Yes, they want your lollipop.
Various studies have shown that the repercussions of unchecked, chronic bitterness and resentment “can slow metabolism, immune system function and organ function.” It can also evolve into “Post-Traumatic Embitterment Disorder which can manifest itself as anxiety, depression and fits of rage.” (WSJ-pg C4, Jan 20-21)
Another survey of 10,000 people found that “relative income” was a huge factor in determining self-esteem. Relative income isn’t what you earn, it’s what you earn in comparison to what others earn. So even if you are making a handsome salary, if your friends are earning more than you, your self-esteem drops and resentment builds.
While our present-day, instagram culture is fertile ground for the deep rooted resentment described in this article, experts say the solution is obvious and simple: it’s found in refocusing our attention on what we have vs. stressing over what we don’t (duh) and tapping into our own reserves and resources to cultivate and realize our dreams- completely independent of what others are doing.
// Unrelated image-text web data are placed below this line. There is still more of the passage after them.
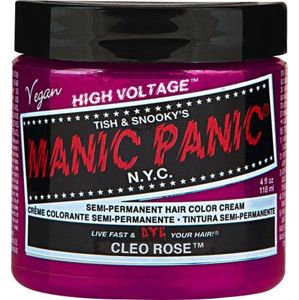Manic Panic Cleo Rose - Classic barva na vlasy růžová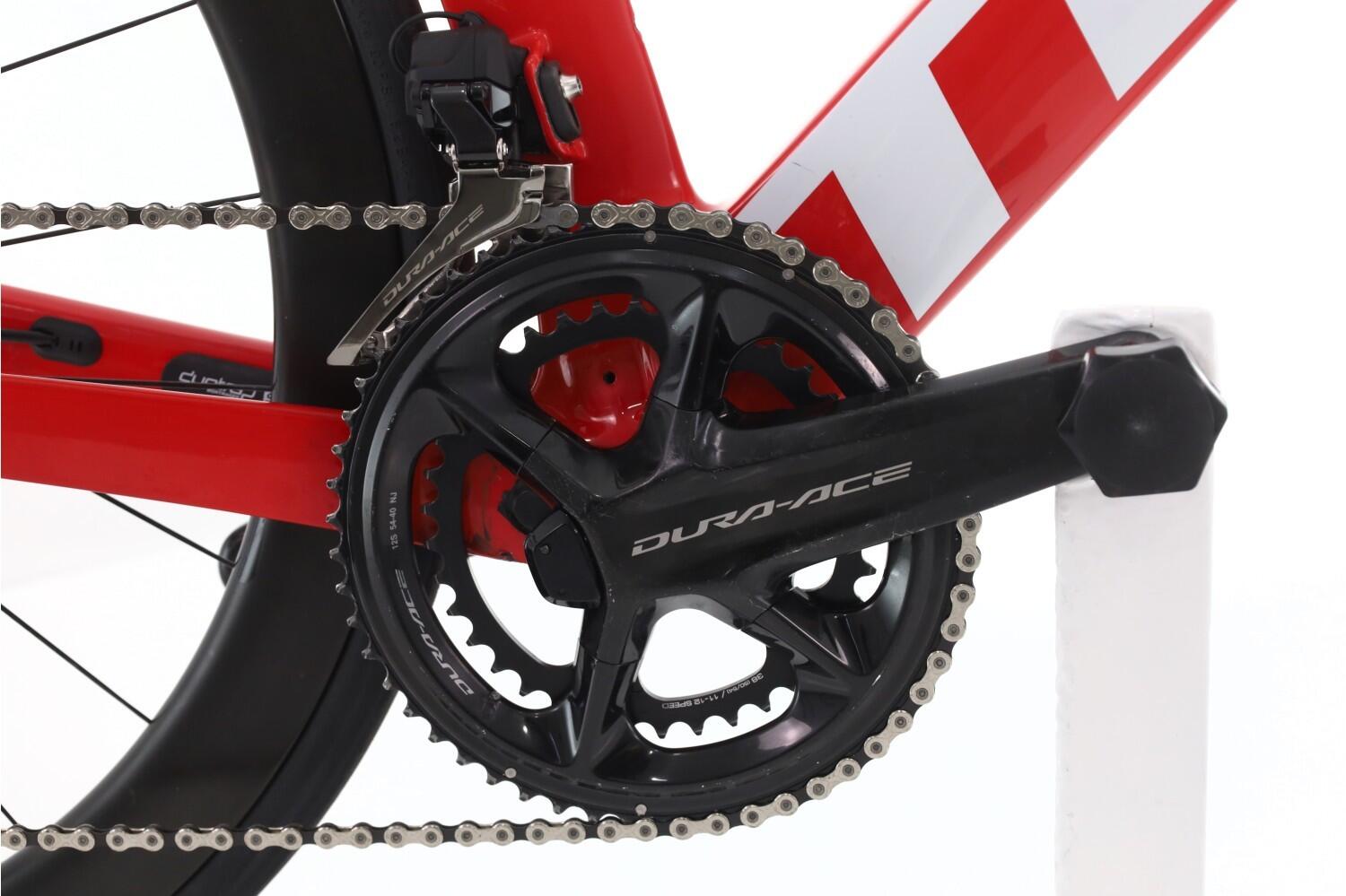 Bici strada ricondizionata ·  Madone Di2 12V · Ottimo stato 4/8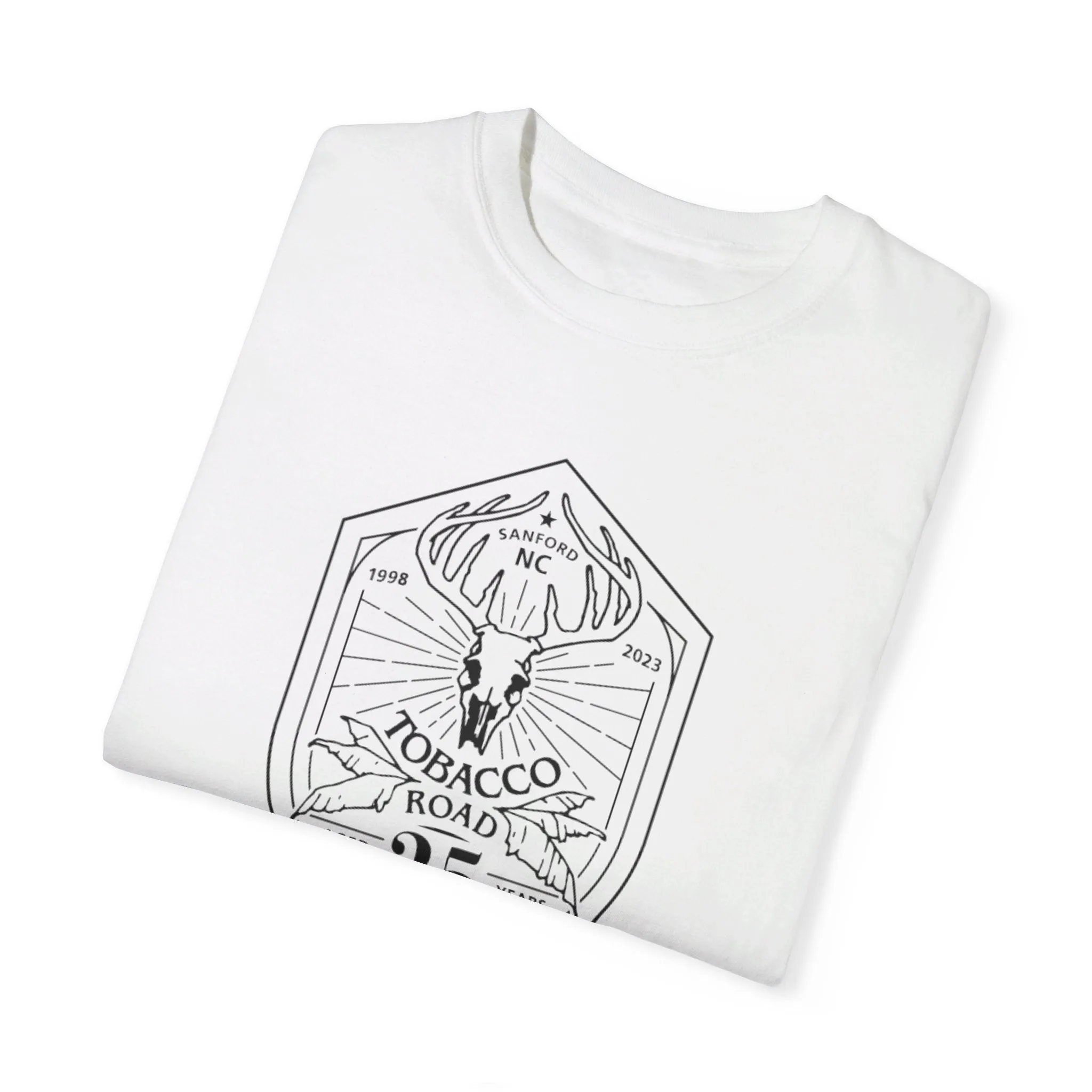 Limited Edition 25th Anniversary Unisex T-shirt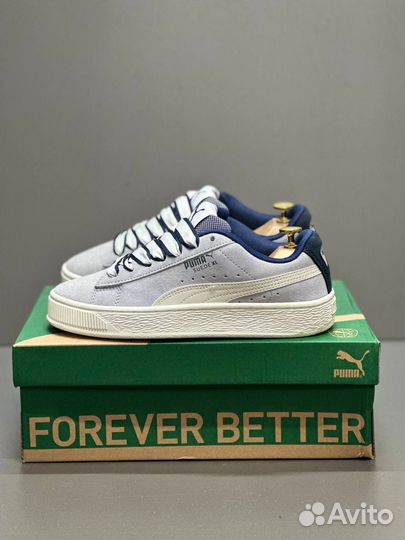 Кеды Puma Suede Xl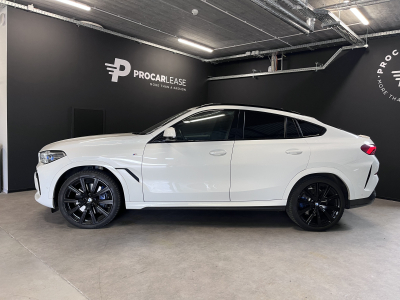 BMW X6 M50 M50d 400 CV Performance/22/Pano/360°/HUD/Harman-Kardon/VOLL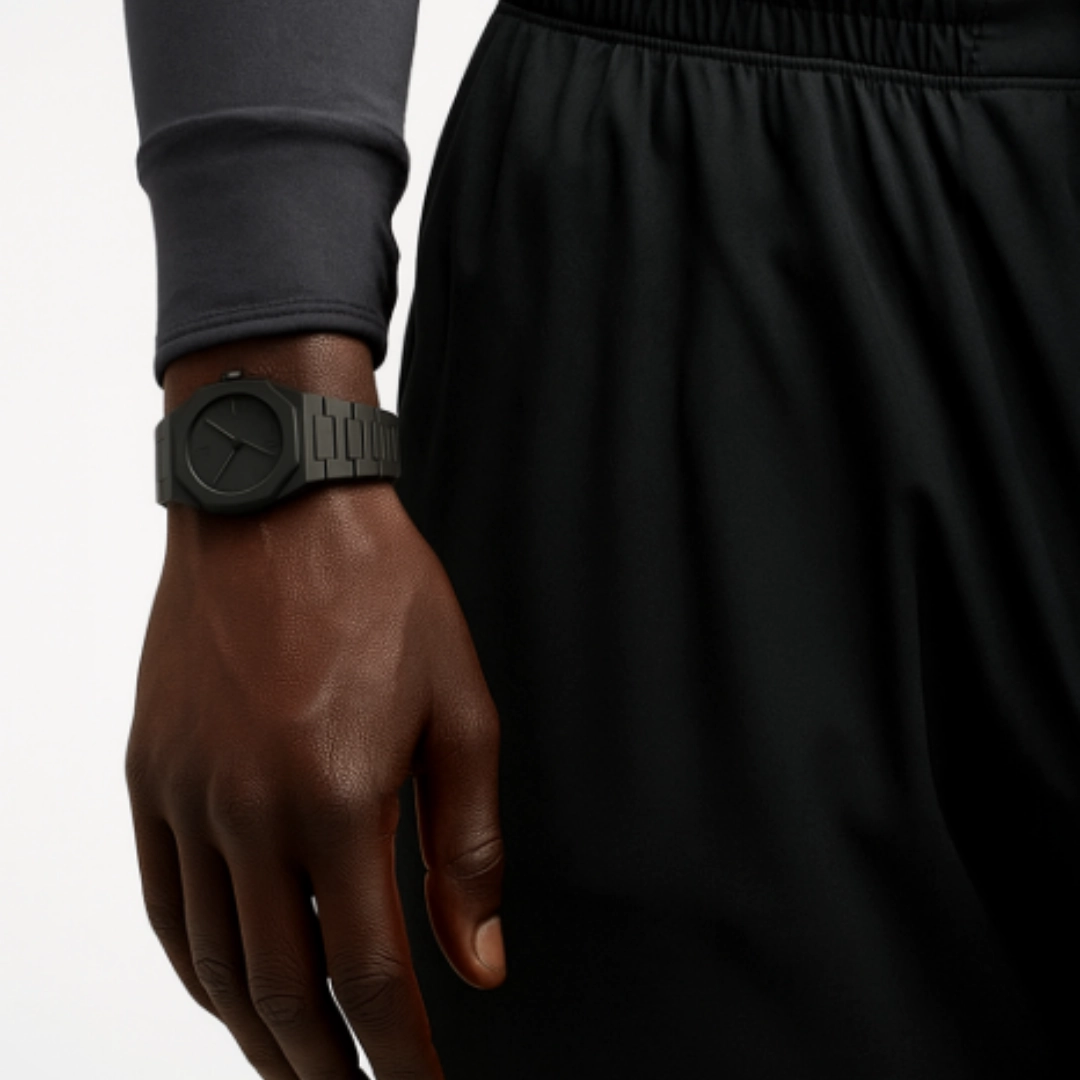 La Montre Ombre Précise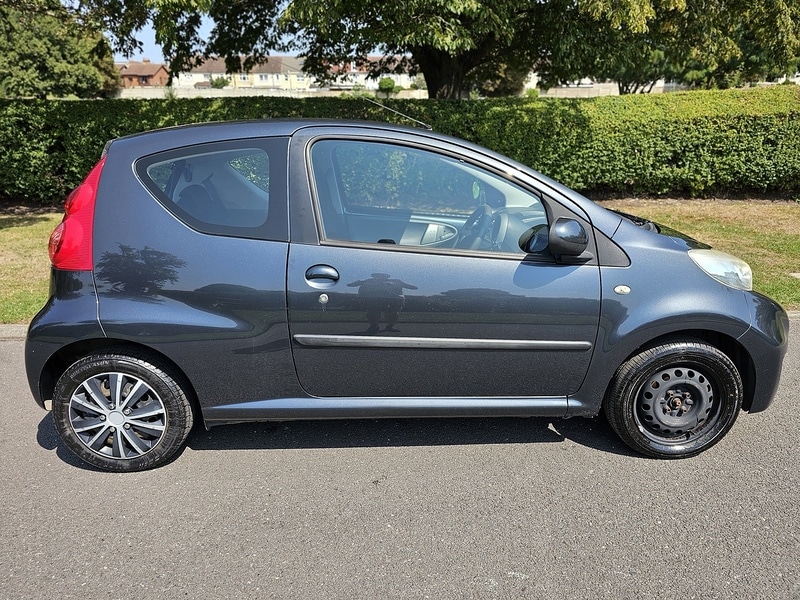 Used Peugeot 107 2009 for sale - 76320067: Photo 2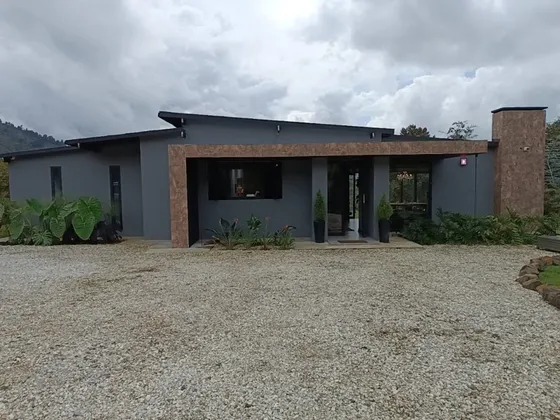 Casa-finca En Venta En La Ceja - Vereda Pontezuela Cod 66533
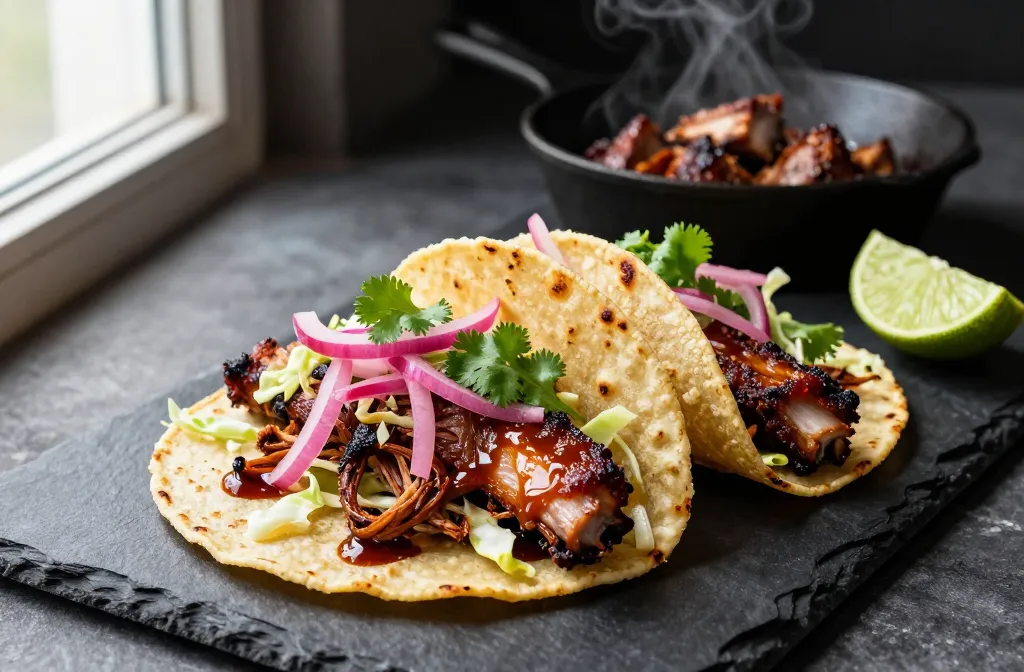 Ultimate Leftover Bbq Ribs Recipes — Smoky Rib Tacos in Minutes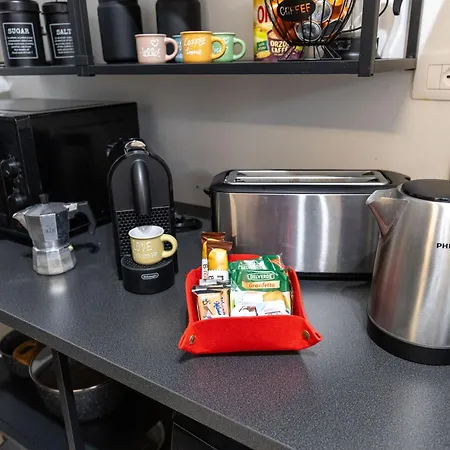 아파트 Domus Christina 로마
Clearly, social media is the rolling paper that enables us to assimilate and toke on all the stuff we feel we deserve but are missing out on. So it stands to reason that taking a break from “following” 250 online “friends” is an important first step on the road to recovery.
Resentment builds walls that block us off from the most important ingredient needed for a happy life: authentic, meaningful, affirming, personal, non-curated relationships with “real” people who care.